▶ **About this exercise**
Each line below should be written out again exactly.

▶ **Dataset extract**
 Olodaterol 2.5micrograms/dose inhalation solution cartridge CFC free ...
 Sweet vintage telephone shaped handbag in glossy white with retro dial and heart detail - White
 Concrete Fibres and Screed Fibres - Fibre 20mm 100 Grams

▶ **Output of the task**
 Olodaterol 2.5micrograms/dose inhalation solution cartridge CFC free ...
 Sweet vintage telephone shaped handbag in glossy white with retro dial and heart detail - White
 Concrete Fibres and Screed Fibres - Fibre 20mm 100 Grams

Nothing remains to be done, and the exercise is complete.